Número de mulheres que são chefes de família dobra em 10 anos, aponta IBGE

Fonte: IBGE

O número de mulheres chefes de família dobrou em uma década no Brasil. Levantamento feito pelo Instituto Brasileiro de Geografia e Estatística (IBGE), a partir de dados apurados para o Censo Demográfico, mostra que o volume de mulheres responsáveis pelo domicílio saltou de 9,048 milhões para 18,617 milhões entre 2000 e 2010. Já o número de homens chefes de família permaneceu praticamente inalterado, em 31 milhões. No total, o Censo 2010 contabilizou 49,9 milhões de chefes de família em todo o país.

Para o IBGE, o maior volume de mulheres chefes de família representa um avanço, que reflete maior presença das mulheres no mercado de trabalho e melhor nível de escolaridade. Taxas menores de fecundidade também favoreceram o resultado. Mas, alguns especialistas alertam que o dado pode indicar maior quantidade de mulheres que precisam cuidar dos filhos após a partida dos maridos, com o término de uniões conjugais.

Ontem, o IBGE divulgou os resultados de nupcialidade, fecundidade e migração e famílias e domicílios do Censo 2010. Os responsáveis pelo domicílio não necessariamente são aqueles que ganham mais dentro da família, explicou o técnico da coordenação de população e indicadores sociais do IBGE, Gilson Gonçalves de Matos.

Nessa classificação se encaixam os que assumem a responsabilidade total pela família, de maneira mais ampla do que somente pagar as contas. “Por exemplo, o pai, ou a mãe, pode se declarar responsável, mas ainda morar com filhos que ganham mais do que ele”, exemplificou.

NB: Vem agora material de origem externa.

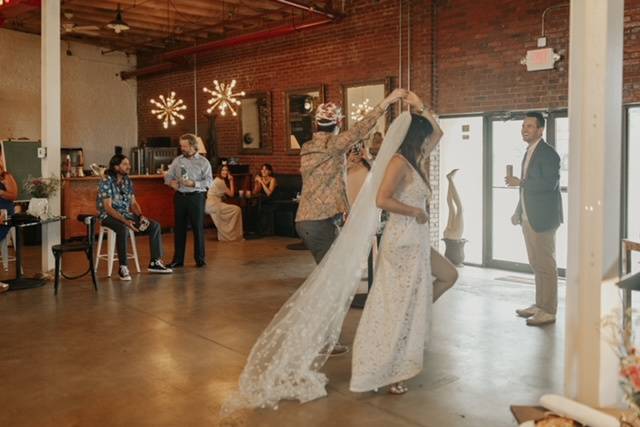 Wedding couple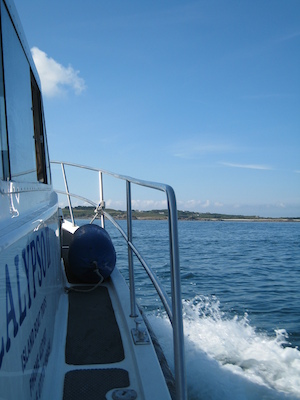 Approaching St. Agnes (07-14-2011 10:35)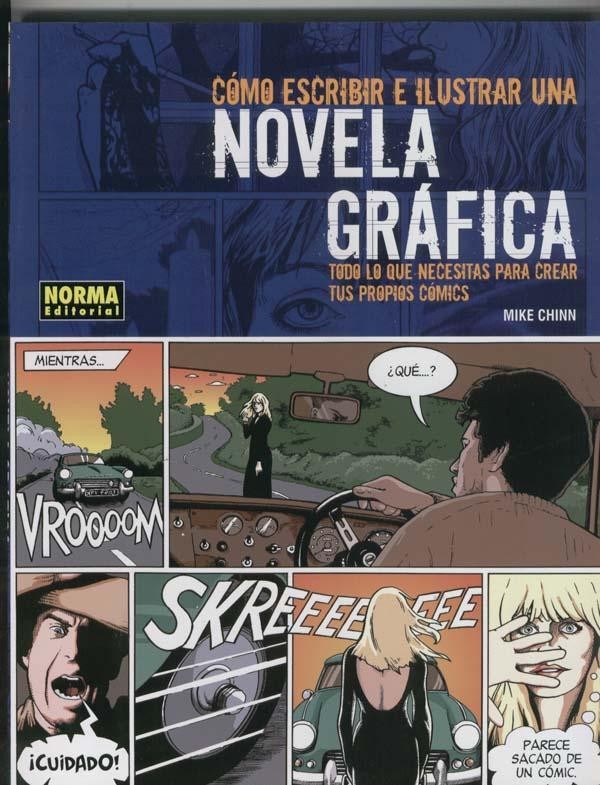 Como escribir e ilustrar una novela grafica
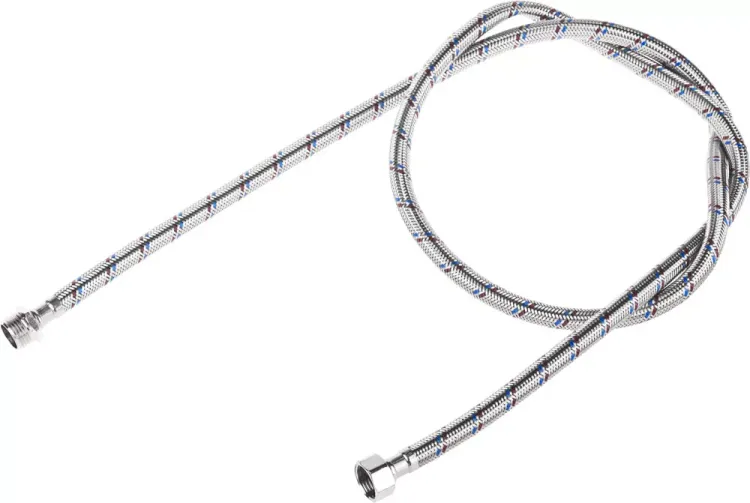 Подводка гибкая STAYER для воды, оплетка из нержавеющей стали, г/ш 1/2" - 1,5м 51015-G/S-150 купить в Нижневартовске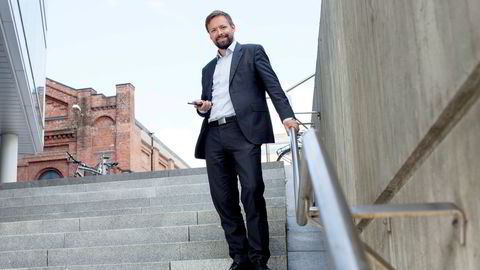 Leder Knut Anders Wangen for Mobilepay Norge, Danske Bank inviterer gjerne flere banker til samarbeid.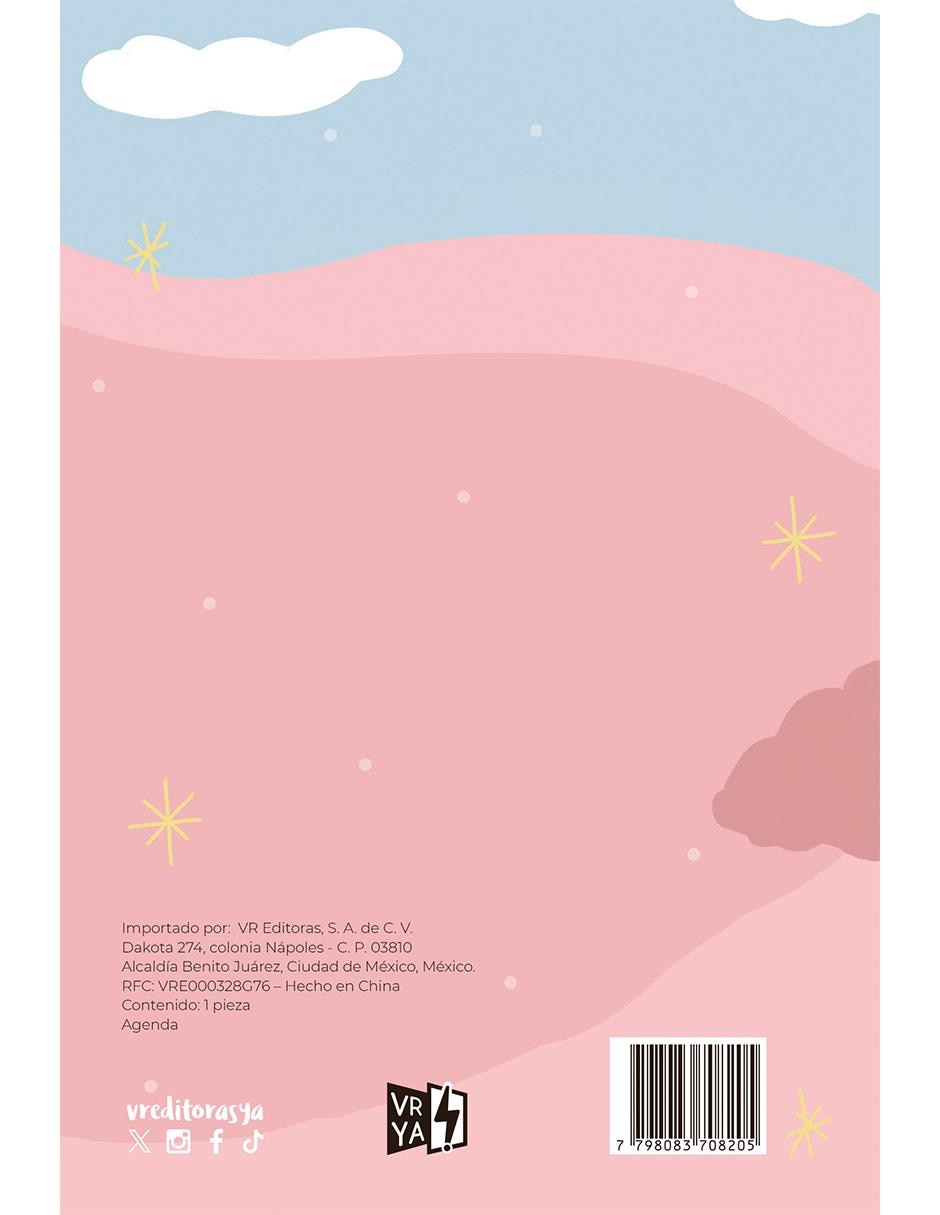 Agenda Reading Journal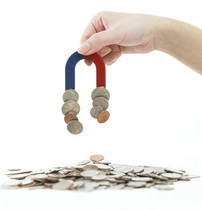 Teaching magnet children toy magnet North and South pole magnet U-shaped magnet iron Alnico steel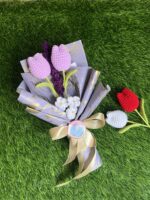 CHARM (Crochet Flower Bouquet)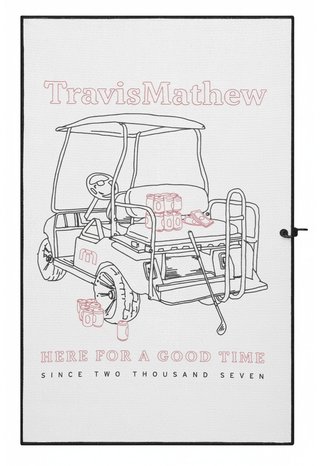 Travis Mathew Golf Cart Glide toalla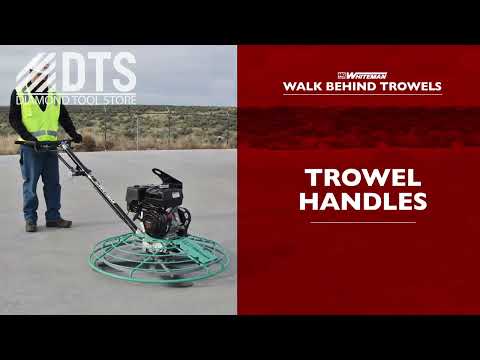 JH55C InstaClutch Walk-Behind Trowel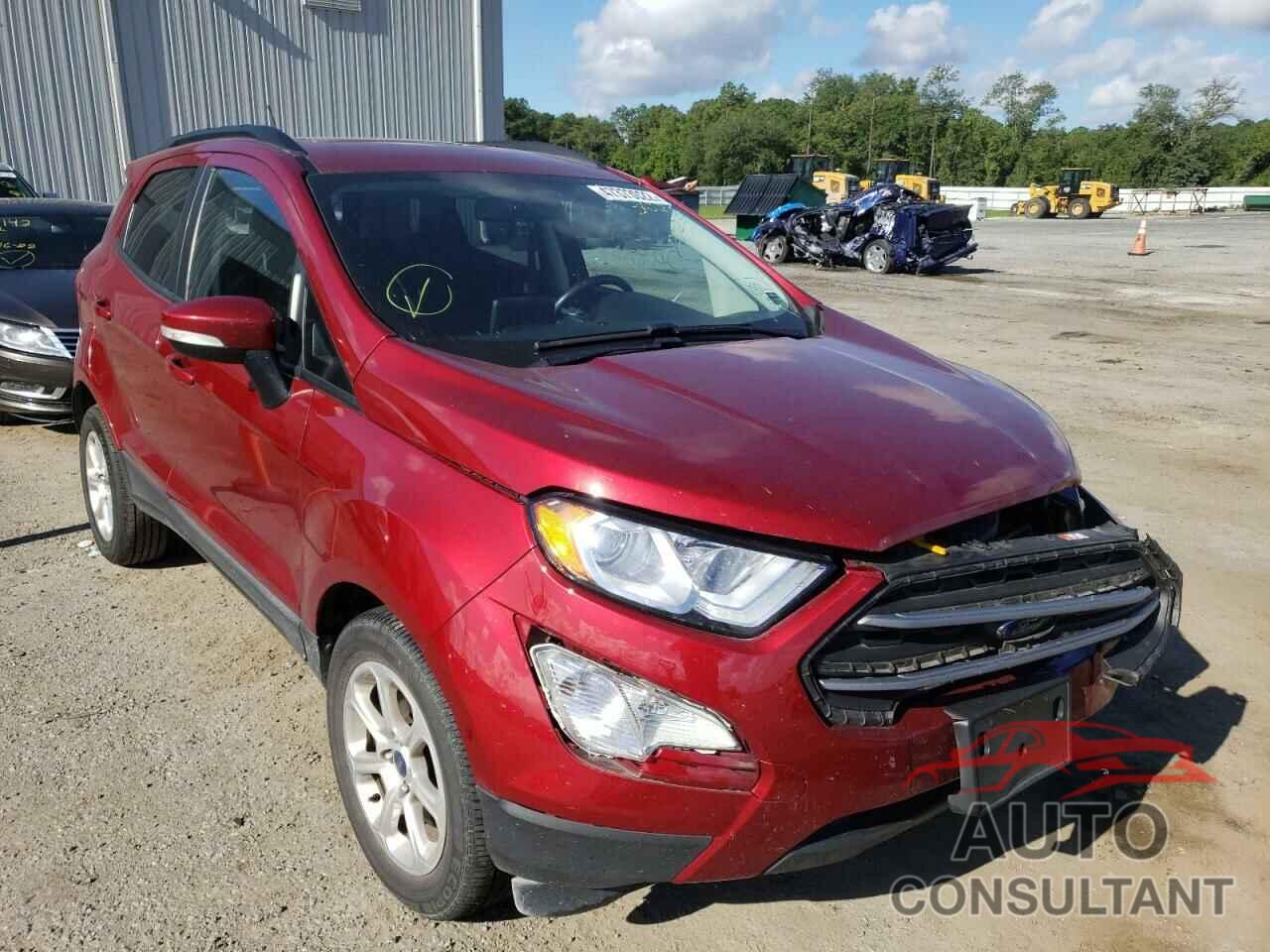 FORD ALL OTHER 2019 - MAJ3S2GE3KC273168
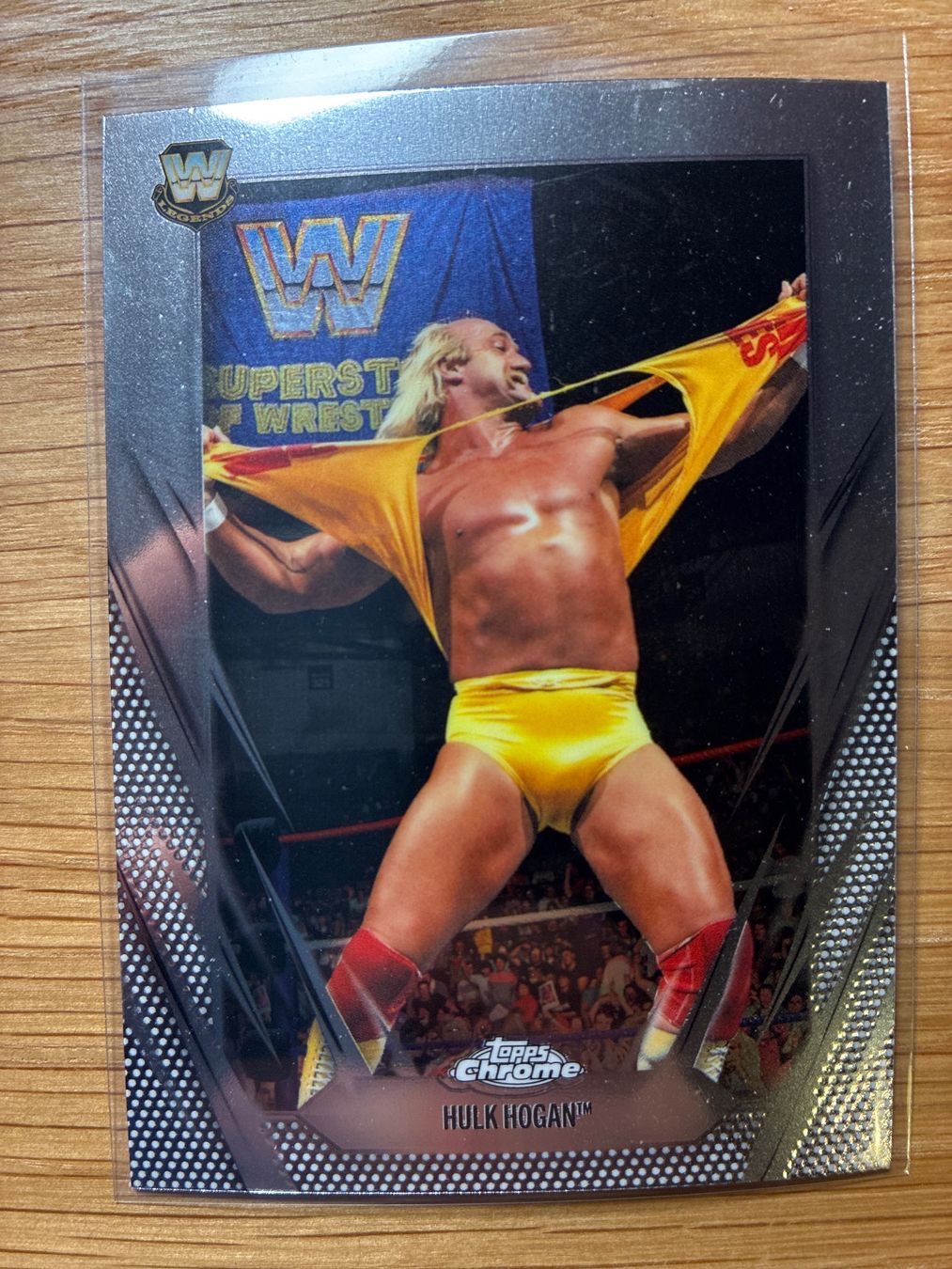 Topps Cartes à collectionner: Topps Chrome WWE Hulk Hogan – D'occasion à Wangenried par Garagara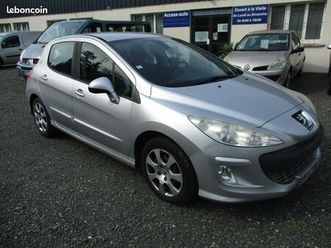 308 1.6 hdi 110ch bv6,6cv,128800kms,2011,attelage,clim,reg,....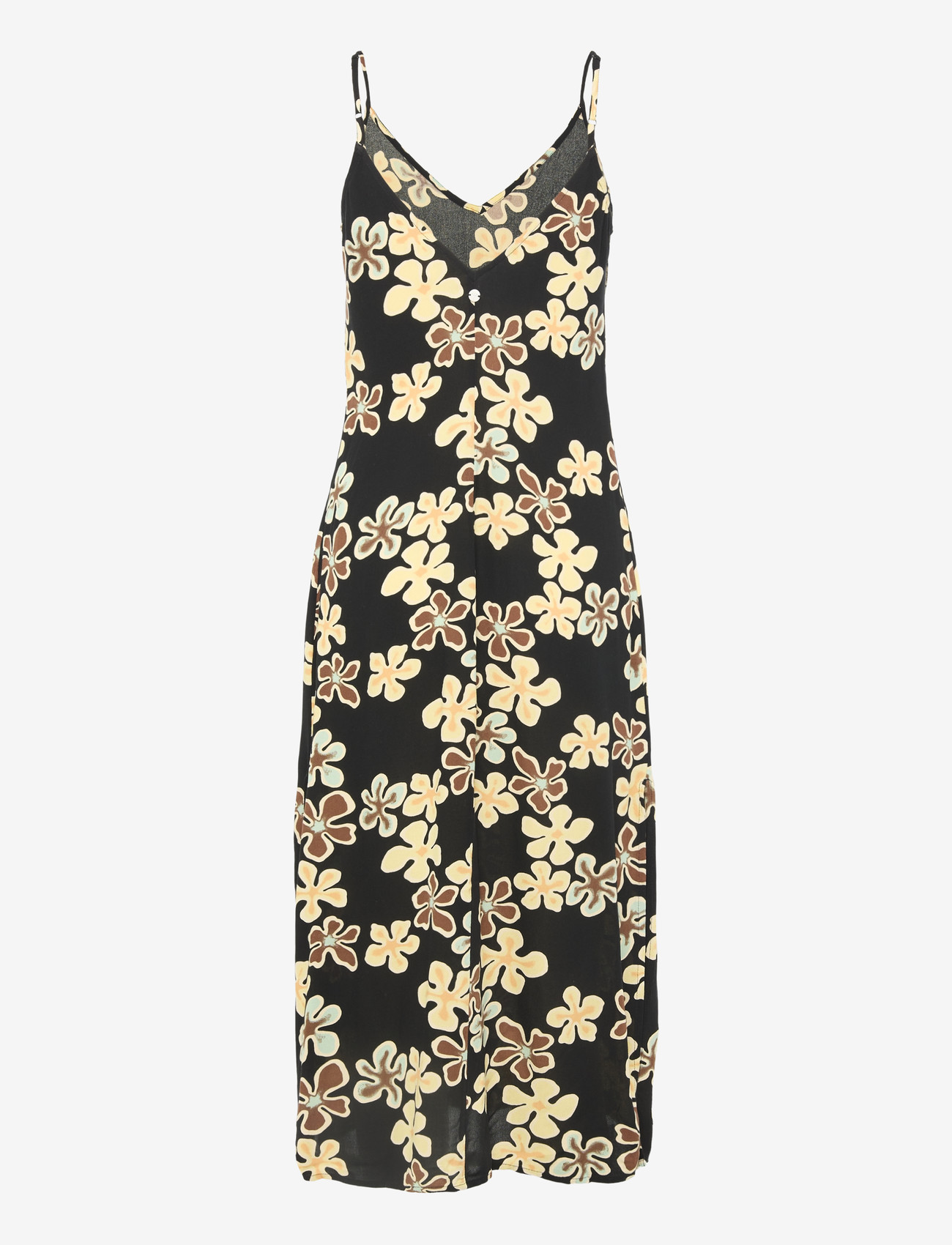 Roxy - STAY SUNNY SLIP DRESS - kjoler & nederdele - anthracite nostalgic feels - 2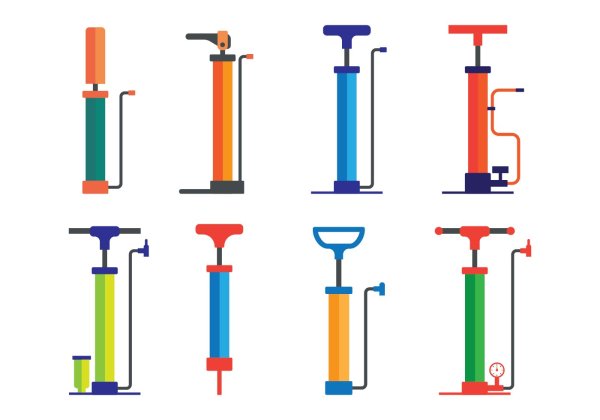 Насос рисунок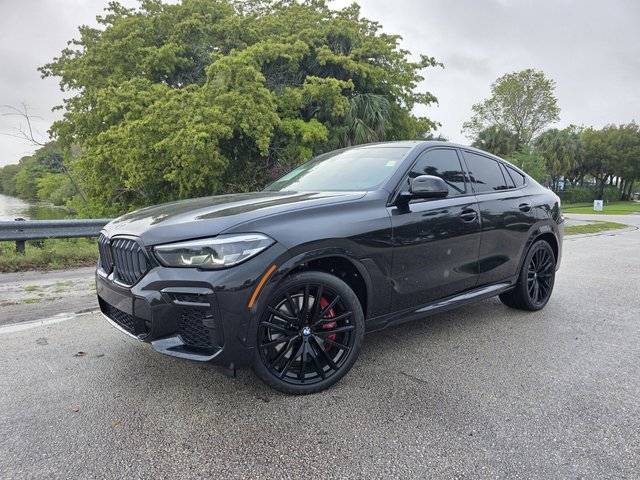 2023 BMW X6 M50i AWD photo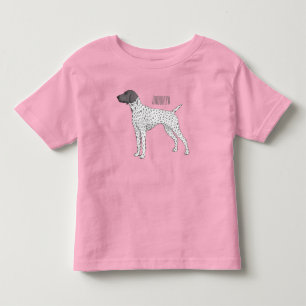 T-shirt Pour Les Tous Petits German Shorthred Pointer dog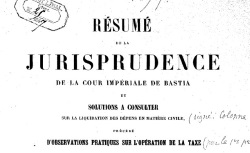 Accéder à la page "Autour de la cour d'appel de Bastia"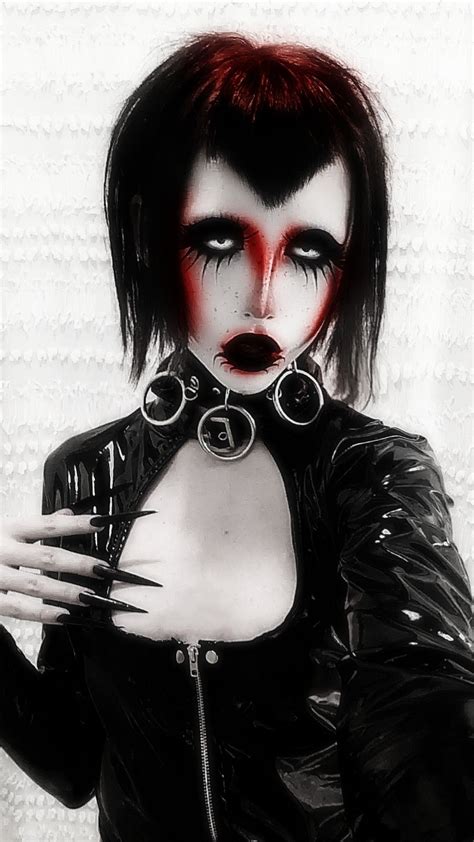 Infeztation Graphic Makeup Gothic Makeup Goth Eye Makeup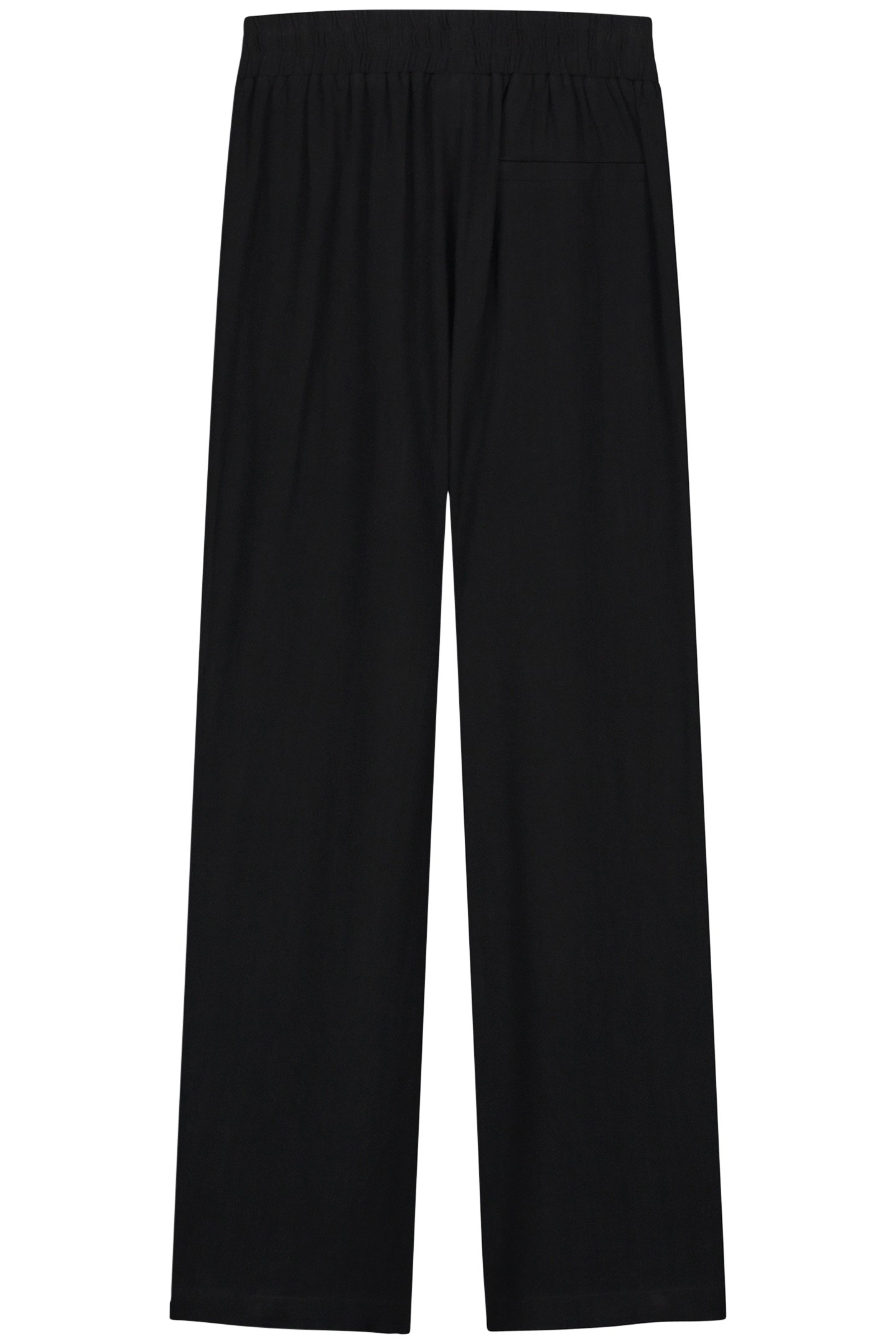 NOUS SOMMES LABELS – LENNIE LINEN PANTS BLACK 2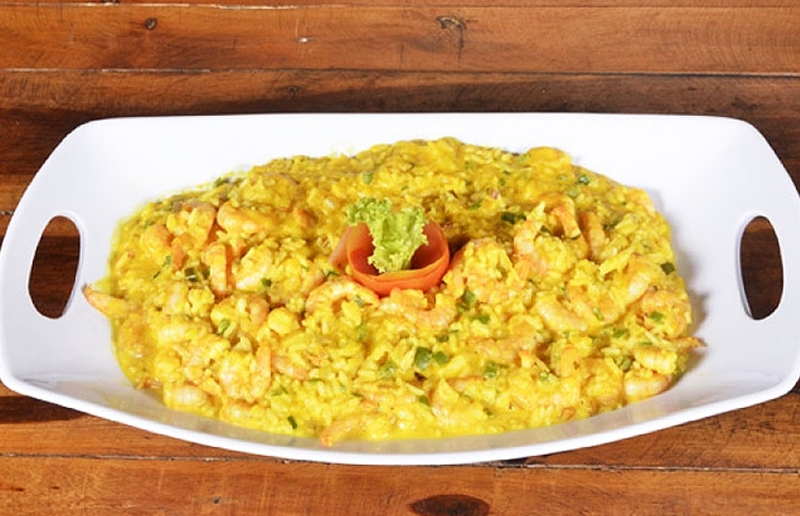 Cupom de desconto - 27% OFF em Arroz de Camarão para 2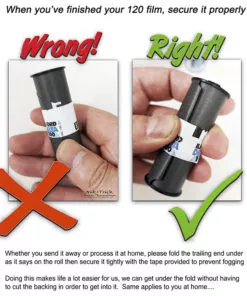 Alternative view of 127 Films B&W Develop & Scan & Prints ~ Special Deals!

Para o técnico do IBGE, o avanço das mulheres chefes de família representa uma verdadeira mudança, nos valores culturais, quanto ao papel da sociedade brasileira. As mulheres, diz Matos, assumem a chefia de suas casas como reflexo da participação cada vez maior no mercado de trabalho e da melhora no nível de escolaridade. “A tendência é que este cenário [de crescimento no número de mulheres chefes de família] continue nos próximos anos”, afirmou.

O otimismo de Matos em relação aos números divulgados não é compartilhado pela professora da Faculdade de Economia da Universidade Federal Fluminense (UFF), Hildete Pereira de Melo. Para ela, o salto no número de chefes de família é um “atraso”. Ela justificou sua posição ao se aprofundar sobre os termos “responsáveis pelo domicílio”, ou “chefes de família”.

“Isso delimita, na prática, a pessoa que fica no domicílio, que permanece com a responsabilidade maior, que é a criação dos filhos”, disse Hildete. Para ela, a maior parcela de mulheres chefes de família indica que a responsabilidade de criação das crianças e adolescentes nas famílias fica concentrada na mãe.

“A conexão maior que o pai tem, dentro da família, é com sua mulher, e não com os filhos. Nas separações, os homens se mudam de casa, enquanto as mulheres permanecem nos domicílios”, disse a professora.

Outro obstáculo enfrentado pela mulher chefe de família, de acordo com Hildete, é a renda do trabalho. A Pesquisa Nacional por Amostra de Domicílios (Pnad) 2011 mostrou que as mulheres receberam, no ano passado, em torno de 70,4% do rendimento de trabalho dos homens, diz a especialista.

Na faixa de menor poder aquisitivo, a situação das mulheres como chefes de família é pior, na análise da professora da Universidade Católica de Petrópolis, Ana Lúcia Paes de Barros. Em seu estudo “Mulheres Pobres e Chefes de Família”, a pesquisadora ressaltou que, de maneira geral, as mulheres chefes de família têm menos anos de estudo, taxas de participação no mercado de trabalho inferiores e salários menores do que os dos homens que também são chefes de família.

O crescimento das mulheres como chefes de família já tinha sido notado pelo presidente do Instituto de Pesquisa Econômica Aplicada (Ipea), Marcelo Neri. Para ele, o resultado pode ser interpretado tanto por uma ótica negativa quanto positiva.

Assim como o IBGE, Neri lembrou que a melhora na participação das mulheres no mercado de trabalho e nos níveis de escolaridade e renda também teriam contribuído para o resultado. “Acho que é uma mudança sociológica”, mas não acho intrinsecamente ruim”, disse o presidente do Ipea.